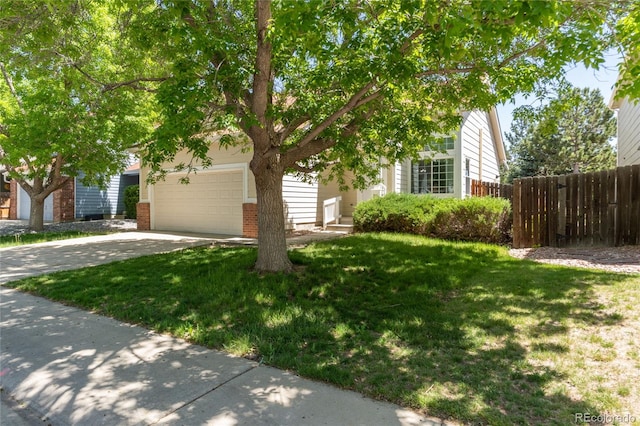 view of property hidden behind natural elements featuring driveway, an attached garage, and brick siding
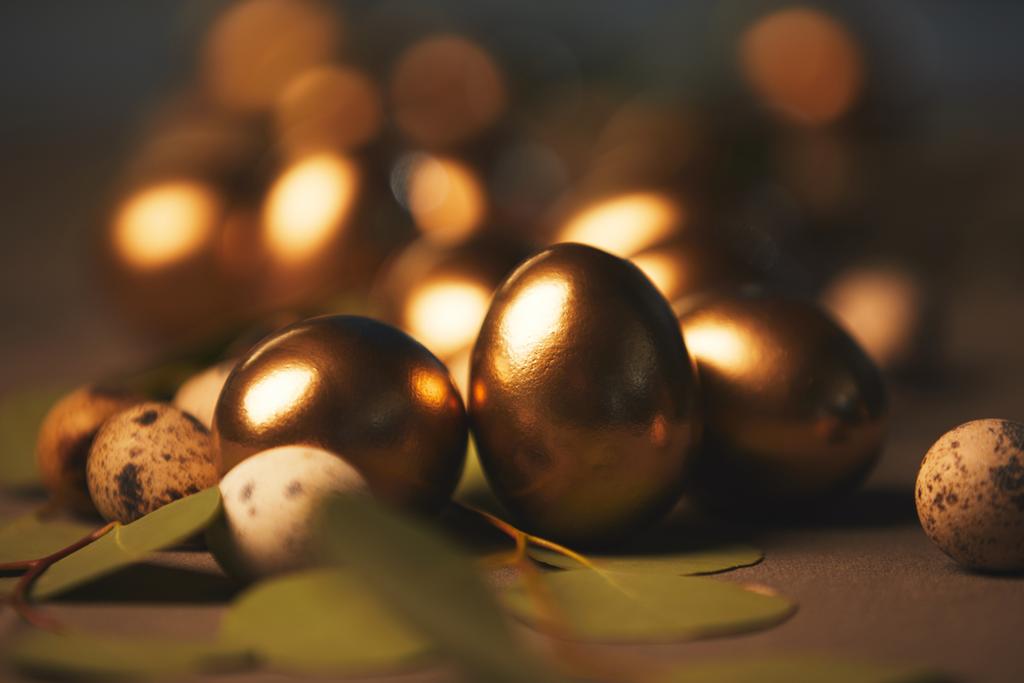 Закрыть пасхальные золотые яйца с листьями на столе
 - Фото, изображение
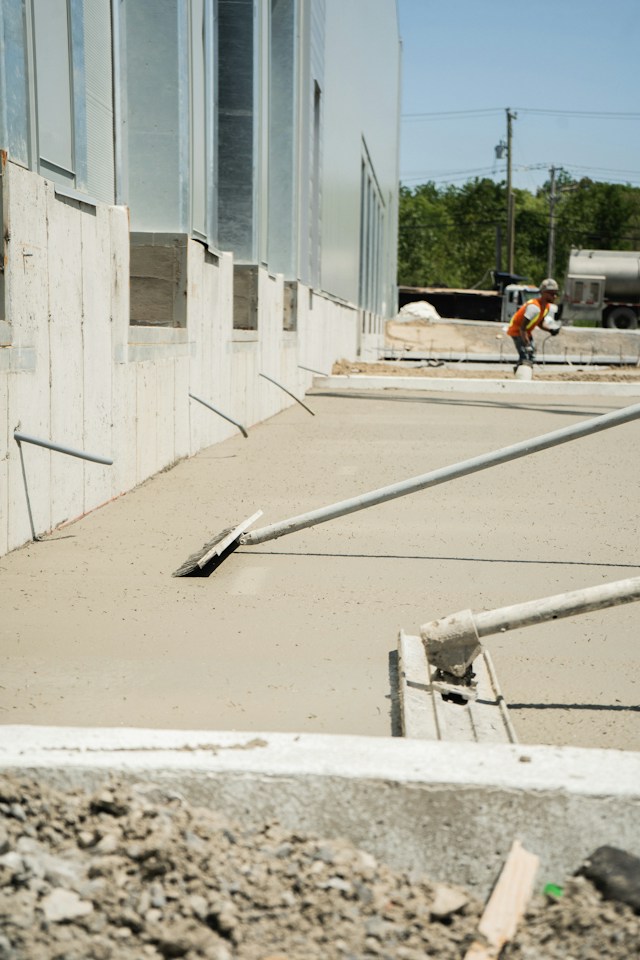 A professional set of ratchet wrenches and sockets organized alongside high-density concrete repair equipment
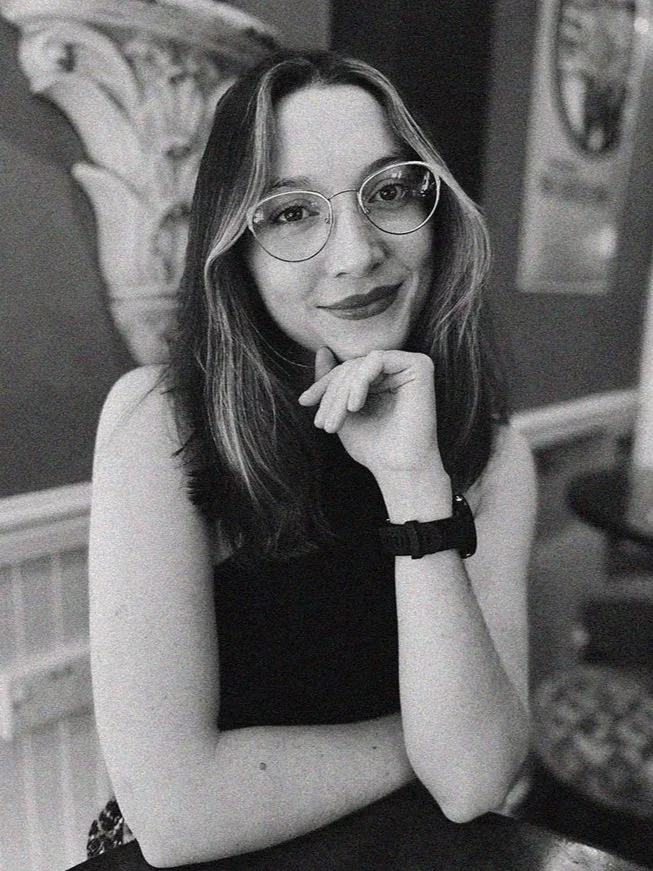 A black and white photo of a woman wearing glasses, smiling, with her chin resting on her hand. She is seated indoors, with a decorative wall and artwork in the background.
++++++
* _Instructions to follow_
Except for the pictures, set down all of the records exactly.

* _Result for this exercise_
 view of property hidden behind natural elements featuring driveway, an attached garage, and brick siding
 Закрыть пасхальные золотые яйца с листьями на столе
 - Фото, изображение
 A professional set of ratchet wrenches and sockets organized alongside high-density concrete repair equipment
 A black and white photo of a woman wearing glasses, smiling, with her chin resting on her hand. She is seated indoors, with a decorative wall and artwork in the background.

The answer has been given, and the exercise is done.